I believe he was referring to people along the likes of Alvin Smith, as described in section 137:8 "all that shall die henceforth without a knowledge of it, who would have received it with all their hearts, shall be heirs of that kingdom;"

Anonymous said...

"That is not to say we should apologize for or be embarrassed by our unique teachings; far from it -- we should proclaim them loudly. But we can do so while be respectful of others who disagree with us."

Yes------we must proclaim our beliefs loudly. But first we must proclaim____________??? fill in the blank. Good teachers know that first a relationship(s) must be established prior to new concepts being proclaimed.

#1-----our brothers from other churches often do not beleive that we are Christian. They believe we do not share a Savior with them. First we must establish that relationship.
#2------Living the principles of His gospel is the easiest way to teach and establish the relationship we share with them.
#3------Modeling is one of the great elements of teaching. Writing equations on the chalk board is impressive----but if we do not establish multiplication and addition-----we can write until we are blue in the face the formulas that establish square roots----but it will not be understood.

Start simple. Love one another.

Stephen said...

There is much that is good and true in all faiths. The Methodists and Presbyterians and others -- as Brigham Young preached over and over and over again.

Steve C said...

"There is much that is good and true in all faiths. The Methodists and Presbyterians and others -- as Brigham Young preached over and over and over again. "

A bit of truth is not the whole truth. If I am faithful to my wife 6 days a week, one might say that I am doing a pretty good job. But 1 of every 7 days I err, gravely.
Would this not be the same with Christian denominations? Although we can appreciate their accuracy of some things, do they not need enlightenment? Should we not continue to convert? Because if the point it "Oh well, they will just be saved anyway", the end result will be what we have seen in liberal Protestantism, i.e. a lack of attempt at conversion. Why bother at the difficult task of evangelism when they will all be saved?

Steve C said...

"Not quite. The Lord said that "their creeds were an abomination in his sight" and those who professed those creeds were "all corrupt""

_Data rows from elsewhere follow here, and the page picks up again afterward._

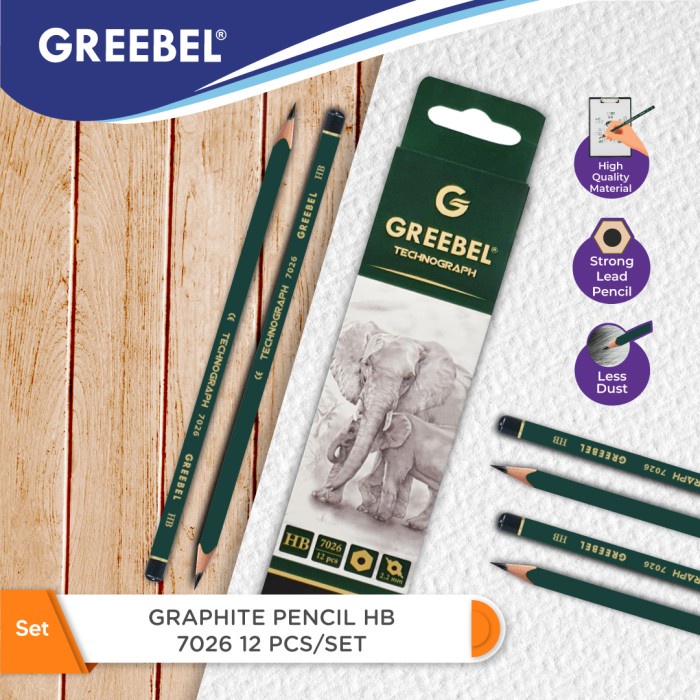 

BISA COD GREEBEL 7026 TECHNOGRAPH GRAPHITE HEXAGONAL PENCIL HB (12 PCS/SET)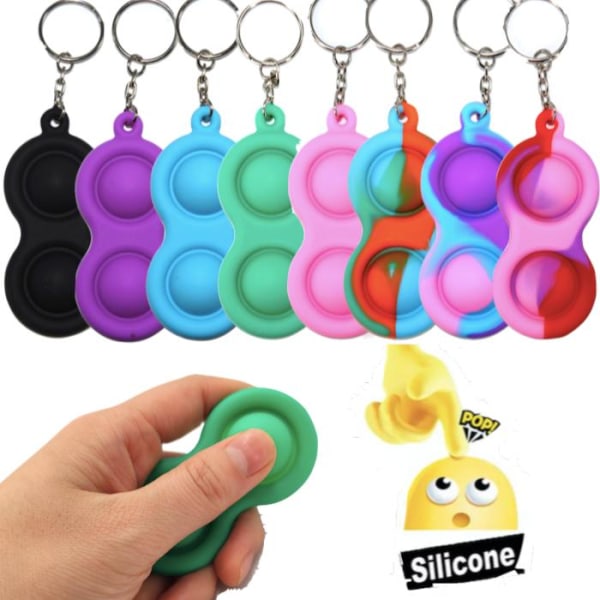 2-pack Enkel fordypning, MINI Pop it Fidget Finger Toy - Nøkkelring Multicolor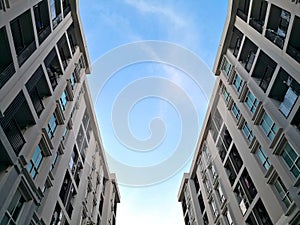 Low angle view of residential building condominium or apartment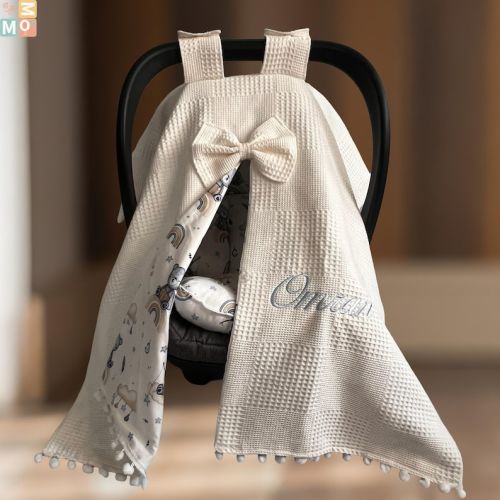 Cotton BABY Car Seat-canopy-stroller Cover and Seat Cushion Cover – Teddy Bear Rainbow Motif - Etsy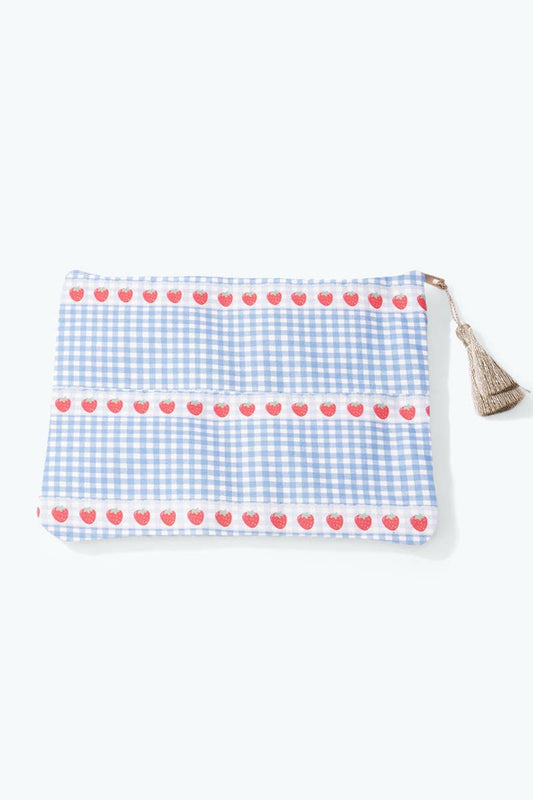 Strawberry gingham print pouch 21x16 cm CY63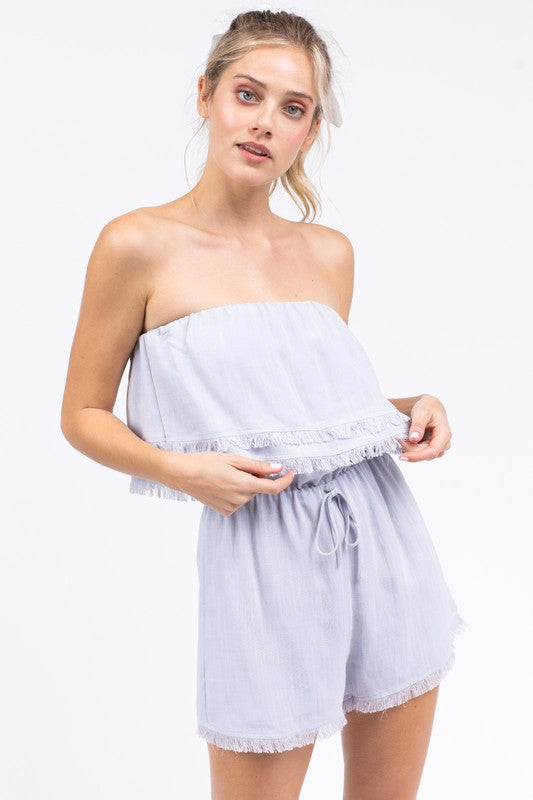 SALE - Scout Fringe Detail Layered Romper - fab'rik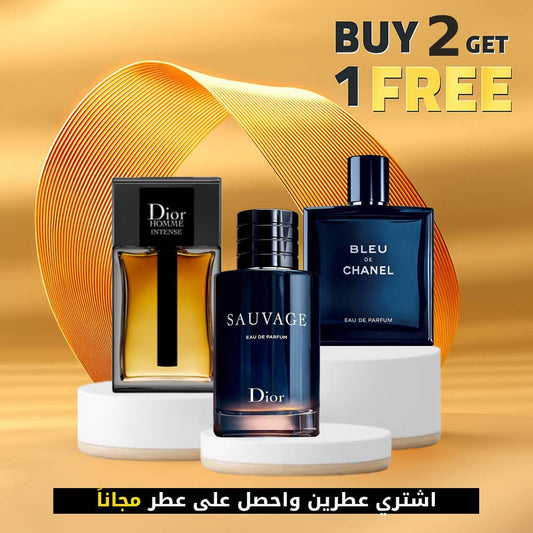 Dior Homme Intense Dior for men 100ML + Sauvage Eau de Parfum Dior for men 100ML + Bleu De Chanel Eau De Parfum 100 ML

I stated that Methodism and Presbyterianism, which would be the creeds, not the people. I fully agree that we should proclaim our positions with dignity and respect, but we MUST continue to proclaim our positions, else WE become abominations in His sight.

AlexG said...

But don't we suffer sometimes from the same prejudice against other religions? It is common to hear some members that think that the Catholic Church is the 'great and abominable church' or the 'Church of the Devil'. For the Roman Catholic Church I have great appreciation, because they maintained Chrisitianity alive as well as publishing the Bible and keeping it fairly well. The statement of JS History 1:18 - 19 should not be taken as a condemnation to other Churches OR their members. I have had the most fruitful conversations with many coworkers of different denominations, Christian and non - Christian, and my feeling is that we could certainly learn from them. Joseph Smith said something to the effect that there is truth in all denominations and we should seek the best of all religions. From what I gather from Muslims, for instance, is that if Latter Day Saints had stronger testimonies of the Prophet Joseph Smith, as they have of Muhammad, less people would depart from the Church. Their scripture reading is very good as members are encouraged to learn the Quran by heart. Their standard of personal worthiness is very high (the whole covering for women is a bit extreme, but many of my Muslim friends agree on that). If Latter Day Saints want to have a fair view of our beliefs it is necessary that we do the same with the belifefs of others and try and learn something from them.